I'm firmly in the 'or not' camp myself. I was Canada and the Netherlands would get rid of their monarchies yesterday. It's not happening yet, but the monarchy is gradually losing popularity in the Netherlands, and same in Canada - I think the general mood is getting more into apathy in both places.

Some great posts in the last 10 or so pages by @neverdie and @Wibble btw. (And some I'm forgetting probably.)
Thanks mate and don’t worry about it.
 
On a more serious note, did the Queen have a caf account? It must be @Hectic right?
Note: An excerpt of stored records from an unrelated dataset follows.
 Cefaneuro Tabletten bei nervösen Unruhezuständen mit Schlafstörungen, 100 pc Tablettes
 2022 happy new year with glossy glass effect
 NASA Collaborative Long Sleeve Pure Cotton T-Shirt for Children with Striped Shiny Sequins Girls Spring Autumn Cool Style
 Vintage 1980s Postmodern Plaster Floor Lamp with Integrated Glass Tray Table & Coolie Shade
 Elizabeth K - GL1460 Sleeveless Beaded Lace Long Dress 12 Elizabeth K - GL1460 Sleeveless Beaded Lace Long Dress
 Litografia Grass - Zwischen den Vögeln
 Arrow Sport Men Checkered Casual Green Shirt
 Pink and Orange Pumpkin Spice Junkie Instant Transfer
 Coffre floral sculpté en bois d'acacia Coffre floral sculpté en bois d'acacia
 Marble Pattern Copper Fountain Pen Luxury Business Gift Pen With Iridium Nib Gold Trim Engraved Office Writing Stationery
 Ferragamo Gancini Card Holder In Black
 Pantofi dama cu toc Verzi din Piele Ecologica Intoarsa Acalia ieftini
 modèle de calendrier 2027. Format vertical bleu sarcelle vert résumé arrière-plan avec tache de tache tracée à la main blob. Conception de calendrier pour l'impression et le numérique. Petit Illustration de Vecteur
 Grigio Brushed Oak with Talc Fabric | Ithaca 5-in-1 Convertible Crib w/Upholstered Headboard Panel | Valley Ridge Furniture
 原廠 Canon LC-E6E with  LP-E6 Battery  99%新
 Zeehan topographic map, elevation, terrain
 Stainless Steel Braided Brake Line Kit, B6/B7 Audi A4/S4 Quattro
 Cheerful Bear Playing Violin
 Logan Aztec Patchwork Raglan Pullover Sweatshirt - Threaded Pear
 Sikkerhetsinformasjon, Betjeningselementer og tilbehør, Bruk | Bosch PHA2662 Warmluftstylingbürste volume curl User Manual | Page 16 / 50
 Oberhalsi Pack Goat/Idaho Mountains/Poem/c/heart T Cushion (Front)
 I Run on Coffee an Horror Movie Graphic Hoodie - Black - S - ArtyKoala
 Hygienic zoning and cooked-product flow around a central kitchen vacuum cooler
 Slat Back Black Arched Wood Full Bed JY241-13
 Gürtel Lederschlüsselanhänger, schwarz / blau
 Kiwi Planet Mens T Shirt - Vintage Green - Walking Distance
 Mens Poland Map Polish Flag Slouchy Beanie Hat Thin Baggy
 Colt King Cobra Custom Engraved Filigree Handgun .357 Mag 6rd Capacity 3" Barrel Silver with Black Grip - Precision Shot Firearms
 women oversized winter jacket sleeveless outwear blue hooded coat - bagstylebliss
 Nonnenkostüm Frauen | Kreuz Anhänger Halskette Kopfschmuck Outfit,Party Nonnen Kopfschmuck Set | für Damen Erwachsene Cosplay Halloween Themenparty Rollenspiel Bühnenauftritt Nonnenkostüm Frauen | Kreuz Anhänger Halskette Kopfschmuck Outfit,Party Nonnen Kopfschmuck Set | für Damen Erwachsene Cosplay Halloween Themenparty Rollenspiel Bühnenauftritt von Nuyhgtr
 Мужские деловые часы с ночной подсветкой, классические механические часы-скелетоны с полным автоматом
Makes so much sense
 
Heard so many good things about her but the bad things heard about her out weighs the good she had done, Heard she's a Racist, killed millions or people...

What's her legacy for those of you from the UK?
 
Heard so many good things about her but the bad things heard about her out weighs the good she had done, Heard she's a Racist, killed millions or people...

What's her legacy for those of you from the UK?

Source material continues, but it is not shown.